The consortium of 15 telecom operators behind the South East Asia-Middle East-Western Europe 5 (SEA-ME-WE 5) submarine cable system has handed contracts for the construction of the network to Tokyo-based NEC Corp and French-US vendor Alcatel-Lucent. NEC will construct the segment running from Singapore to Sri Lanka, while Alca-Lu will deploy the link between Sri Lanka and France. The 20,000km SEA-ME-WE 5 system is expected to start carrying commercial traffic by early 2016, and is designed to provide upgradable transmission facilities via 100Gbps technology. The consortium consists of: Bangladesh Submarine Cable Company Limited (BSCCL), China Mobile International Limited (CMI), China Telecommunications Global Limited (CTG), China United Network Communications Group Company Limited (CU), Emirates Integrated Telecommunications Company (du), Orange Group, Myanmar Post and Telecom (MPT), PT Telekomunikasi Indonesia International (Telin), Saudi Telecom Company (STC), Singapore Telecommunications Limited (SingTel), Sri Lanka Telecom (SLT), Telekom Malaysia Berhad, Telecom Italia Sparkle (TIS), TOT and TeleYemen.

The government of China has issued Mali with a loan worth XOF39 billion (USD82.4 million) to assist with the deployment of a fibre-optic backbone. The network, which will be rolled out by Chinese vendor Huawei, will link capital city Bamako to Markala, Mopti, Gao and Timbuktu.

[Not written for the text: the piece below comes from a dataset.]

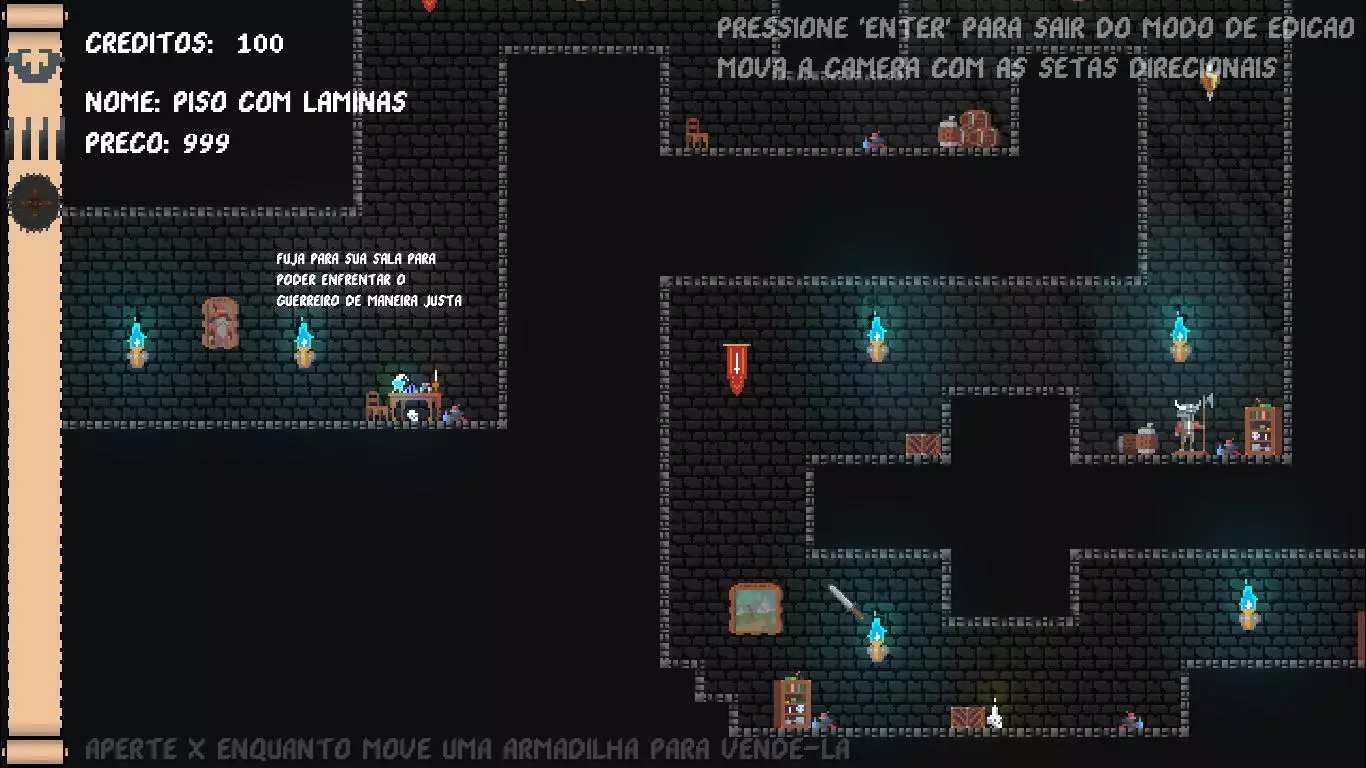 -The Unusual Adventures of Hector (GustLSantDev)-游戏截图-好玩游戏库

The loan contract was signed by Malian finance minister Bouare Fily Sissoko and Cao Zhongming, a Chinese ambassador.

NBN Co, the company responsible for rolling out Australia’s fibre-to-the-home (FTTH) backbone network, and systems vendor Coriant have successfully completed a 1TBps transmission trial over a 1,066km fibre-optic ring in South East Queensland, Australia. Coriant says that the field trial – which took place in Toowoomba, demonstrated a better than 35% improvement in spectral efficiency, which significantly increases the overall capacity of the system.

Windstream is deploying Infinera’s DTN-X platform, featuring 500Gbps super-channels, across its long-haul express fibre-optic network. During the first phase of this network build, Windstream will focus on enhancing network routes to provide wavelength services in and between large cities including Atlanta, Chicago, Dallas, Philadelphia and Washington, DC. Windstream operates a nationwide fibre and IP network, covering 118,000 miles of fibre and 27 data centre locations across the US.

Late last month Saint Lucia joined the growing list of Caribbean Community (CARICOM) countries to open an internet exchange point, or IXP. The Saint Lucia Exchange (known as SLiX), was launched under the umbrella of a broader World Bank-funded Caribbean Communications Infrastructure Program (CARCIP), coordinated by the Caribbean Telecommunications Union (CTU). International telcos LIME and Columbus Communications have both thrown their weight behind the project, and local representatives of both companies participated in the launch ceremony.